((

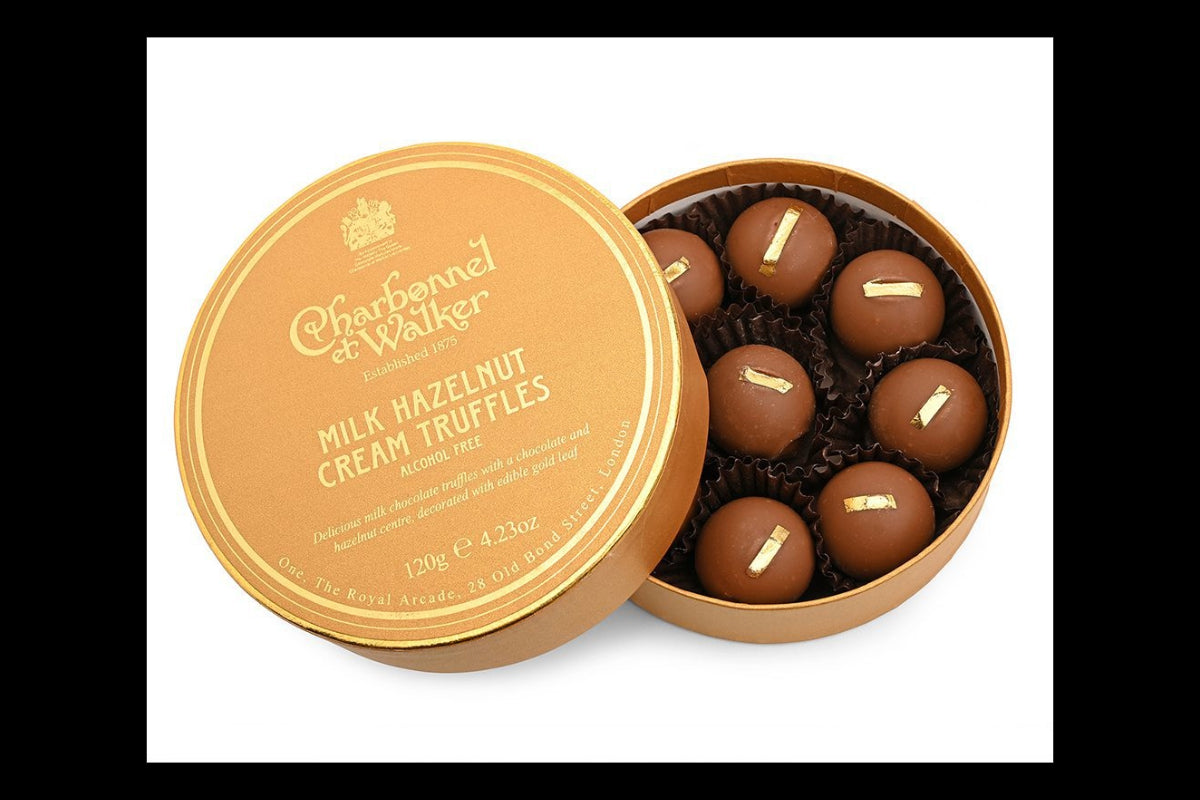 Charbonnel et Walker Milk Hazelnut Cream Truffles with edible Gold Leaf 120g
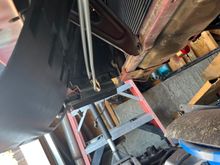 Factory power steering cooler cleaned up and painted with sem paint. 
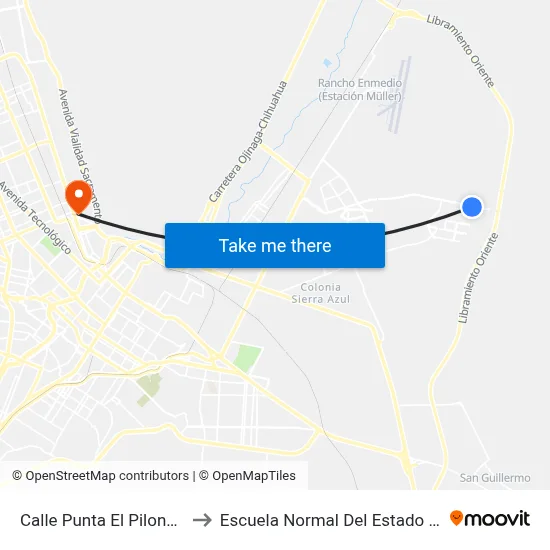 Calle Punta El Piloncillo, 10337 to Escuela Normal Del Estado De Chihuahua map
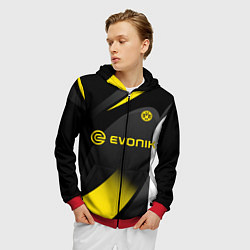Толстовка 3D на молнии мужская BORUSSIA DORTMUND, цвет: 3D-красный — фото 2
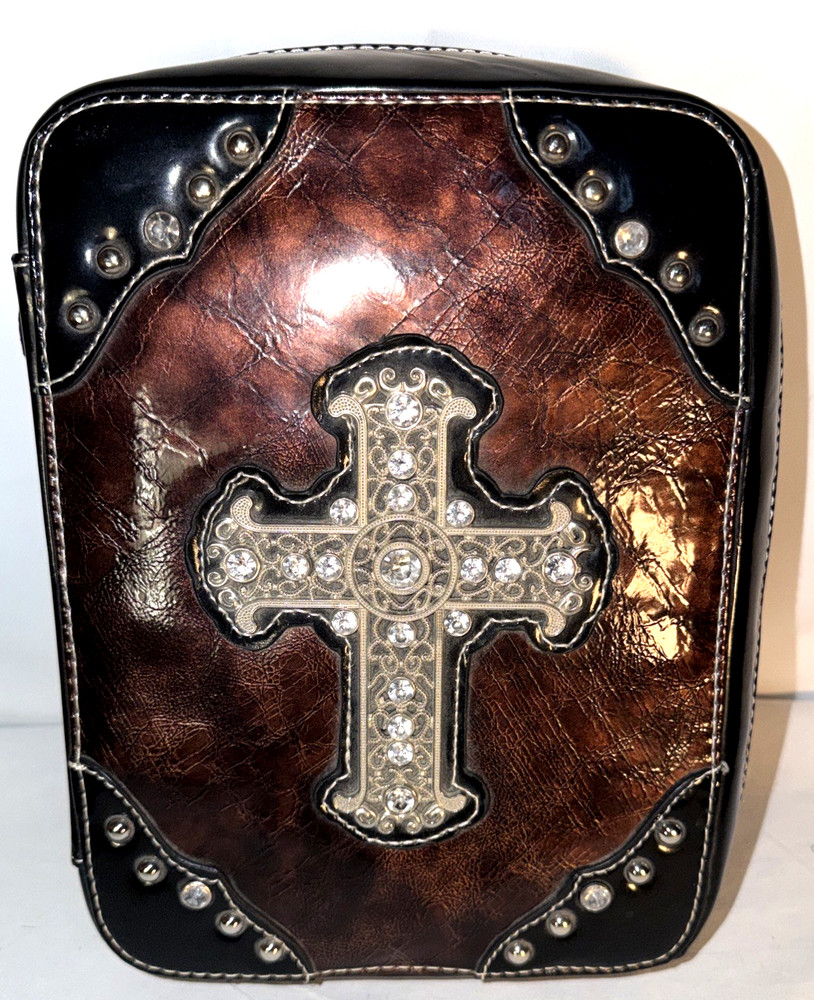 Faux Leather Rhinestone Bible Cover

))

=== EXERCISE GOAL ===
Your answer should copy the listing word for word, with no pictures in it.

=== RESULT ===
 Charbonnel et Walker Milk Hazelnut Cream Truffles with edible Gold Leaf 120g
 Factory power steering cooler cleaned up and painted with sem paint. 
 Calle Punta El Piloncillo, 10337 to Escuela Normal Del Estado De Chihuahua map
Толстовка 3D на молнии мужская BORUSSIA DORTMUND, цвет: 3D-красный — фото 2
 Faux Leather Rhinestone Bible Cover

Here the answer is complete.